Artist and author Leanne Shapton trained for the Olympic swimming trials as a teenager. Her newest book, Swimming Studies, is a quiet, weightless and elegant collection of stories about the life of a swimmer who is inescapably drawn to the water even after she is no longer rigorously competing.
Bathing implies having some contact with the ground while in the water—propulsion and speed are secondary. Bathing. Bathing: the word itself feels like a balm, a cleanse, rather than the wavy struggle of swimming. I wonder why swimming in North America feels different from swimming in Europe.
Until the late seventeenth century, the sea was regarded as a place of danger and death, the aspect of houses was directed inland, sailors were not taught to swim, in order to foster in them a true respect for the sea. The ocean stank, was dangerous, belched up seaweed and flotsam, and was full of marauding pirates and monsters. The value of any coastline was in proportion to how fortified it was. Swimming instruction as military drill for men and horses began in the late eighteenth and early nineteenth centuries in northern Europe, accompanying developments in toilets and indoor plumbing.
In The Springboard in the Pond: An Intimate History of the Swimming Pool, Thomas A. P. van Leeuwen talks about the impression physical activity made on European visitors to the United States in the 1890s: “Americans seem best to express their spiritual energy by moving their bodies, by running, walking fast, and competing in sports.”
I think of the only time my medals have come in handy, at the U.S. border crossing in Buffalo. As Jason and I pull up at the border after inching through a traffic jam from Toronto, a guard eyes us suspiciously and asks for our passports. We look a mess; the car reeks of B. O. and chicken nuggets. Vintage clothes are strewn across the backseat, moth-eaten blankets lumpily cover Jason’s camera equipment. One of my father’s art-college paintings is jammed between our luggage. I’m certain we’ll be pulled over to the side, as I often am, and interrogated. The guard gets out of his booth and asks me to pop the back. I do. Shuffling sounds, then: “Who’s the swimmer?” I smile at Jason. “I am.” The hatchback shuts quietly. The guard hands us our passports with no further questions, just “Drive safely.” Before I left my parents’ house I heaved a large tote bag into the car; in it were eight years’ worth of gold, silver, and bronze swimming medals.
While visiting Berlin, I meet an artist who swims every morning, so I ask him about the city’s pools. He quickly makes a list of those he likes in my notebook. His daily laps are done at Stadtbad Mitte, in Gartenstrasse.
I head first to Stadtbad Charlottenburg– Alte Halle, a small, pretty pool nestled in the leafy streets of western Berlin. I borrow a pair of children’s goggles from the lifeguard booth and swim short widths beside a thick red rope bisecting the pool. A labored mural of Hylas and the Nymphs overlooks the deep end. The pool is beautiful but feels heavily furnished, like a parlor.
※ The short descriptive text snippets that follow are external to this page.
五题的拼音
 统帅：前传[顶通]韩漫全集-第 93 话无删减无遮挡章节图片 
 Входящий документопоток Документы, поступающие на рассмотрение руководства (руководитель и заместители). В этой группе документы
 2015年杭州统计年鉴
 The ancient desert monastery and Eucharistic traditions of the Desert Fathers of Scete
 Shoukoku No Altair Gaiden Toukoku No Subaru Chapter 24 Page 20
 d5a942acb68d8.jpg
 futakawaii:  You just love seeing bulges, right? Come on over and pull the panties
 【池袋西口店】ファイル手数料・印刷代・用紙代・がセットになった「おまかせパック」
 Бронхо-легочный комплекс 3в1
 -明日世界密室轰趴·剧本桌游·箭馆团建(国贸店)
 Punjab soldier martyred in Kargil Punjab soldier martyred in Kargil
The other swimmers seem to be annoyed by my splashing.
Stadtbad Mitte, completed in 1930, is a soaring, gridded glass box. It is bright and unusually airy for a pool, thanks to its high mullioned transparent roof. (In 1945 its roof was struck by two Allied bombs—conceivably dropped by my grandfather or some friends of his—that failed to explode.) The deck is tiled in small pale gray squares; there are slurping gutters along the sides, two staircases that lead to a very shallow end, and a three-foot drop from the deck to the water’s surface that makes the pool feel contained, tanklike. There are only eight other swimmers, most doing relaxed but steady laps. In the deep end I sink to the bottom and look around. The swimmers glide calmly overhead, my bubbles rise, glittering. I push off the bottom.
In Bath, England, for a literary festival, I visit the ancient Roman baths. Usually, any ruin filled with algae- greened water thrills me, but as I walk through the boxy displays and past the projected re-creations of “Romans” wearing too much mascara, I am bored. Even the two-thousand-year-old skeleton with cavities from eating honey does nothing for me. The statues the Victorians erected around the terrace overlooking the large outdoor pool upstage the real Roman stonework, the bath’s cruder but authentic roots. What I love, however, are the Roman curse tablets: tiny outrages scratched into pieces of lead and pewter and nailed to the wall, requesting that the gods visit misfortune on the heads of whoever stole their stuff while they were swimming. One reads:
To Minerva the goddess of Sulis I have given the thief who has stolen my hooded cloak, whether slave or free, whether man or woman. He is not to buy back this gift unless with his own blood.
I could relate, remembering the time my coral-pink Club Monaco sweatshirt was stolen from the Clarkson pool women’s locker room when I was thirteen. One minute I belonged to The Club of Monaco. Then suddenly I didn’t. My father was furious at the theft; on the chilly drive home his incredulity at my trust in other children vibrated in the car. I cursed the girl who had taken it.